The  was a radio broadcast of surrender given by Japanese Emperor Hirohito (Shōwa) on August 15, 1945. It announced to the Japanese people that the Japanese Government had accepted the Potsdam Declaration demanding the unconditional surrender of the Japanese military at the end of World War II. Following the Hiroshima bombing on August 6, the Soviet declaration of war and the Nagasaki bombing on August 9, the Emperor's speech was broadcast at noon Japan Standard Time on August 15, 1945, and referred to the atomic bombs as a reason for the surrender.

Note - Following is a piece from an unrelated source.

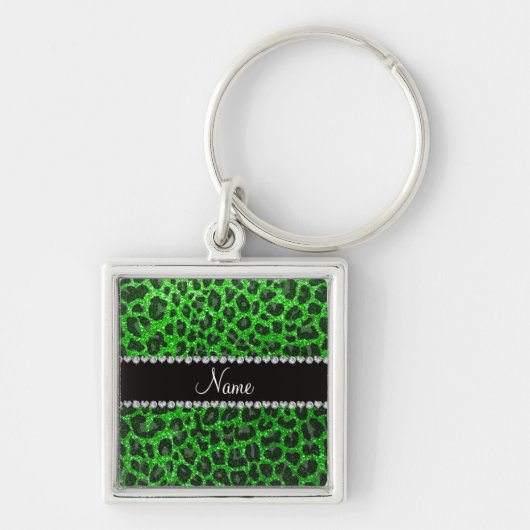 Aangepaste naam groene glittersplaat sleutelhanger (Voorkant)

The speech is the first known instance of an Emperor of Japan speaking to the common people (albeit via a phonograph record). It was delivered in formal Classical Japanese, with much pronunciation unfamiliar to ordinary Japanese. The speech made no direct reference to a surrender of Japan, instead stating that the government had been instructed to accept the "joint declaration" of the United States, the United Kingdom, China and the USSR (the latter power having joined the declaration upon declaring war on Japan). This confused many listeners not familiar with the declaration about whether Japan had actually surrendered. Both the poor audio quality of the radio broadcast and the formal courtly language worsened the confusion. A digitally-remastered version of the broadcast was released in June 2015.

Recording 
The speech was not broadcast directly, but replayed from a phonograph recording. On August 14, 1945, the NHK dispatched sound technicians to the Imperial Palace to record the broadcast.  Microphones were set up in an office bunker under the Imperial Household Ministry, and Emperor Hirohito proceeded in between 11:25p.m. and 11:30p.m. During the first recording he spoke too softly, and upon the advice of the technicians, offered to rerecord it. On the second attempt, his voice was considered too high pitched, with occasional characters being skipped. Nevertheless, the second version was deemed the official one, with the first serving as a backup.

Broadcast 

Many elements of the Imperial Japanese Army refused to accept that the emperor was going to end the war, believing it dishonourable. As many as 1,000 officers and soldiers raided the Imperial Palace on the evening of August 14, 1945 to destroy the recording. The rebels were confused by the layout of the palace and were unable to find the recordings, which had been hidden in a pile of documents. The two phonographs were labelled original and copy and successfully smuggled out of the palace, the original in a lacquer box and the copy in a lunch bag. Major Kenji Hatanaka attempted to halt the broadcast at the NHK station but was ordered to desist by the Eastern District Army.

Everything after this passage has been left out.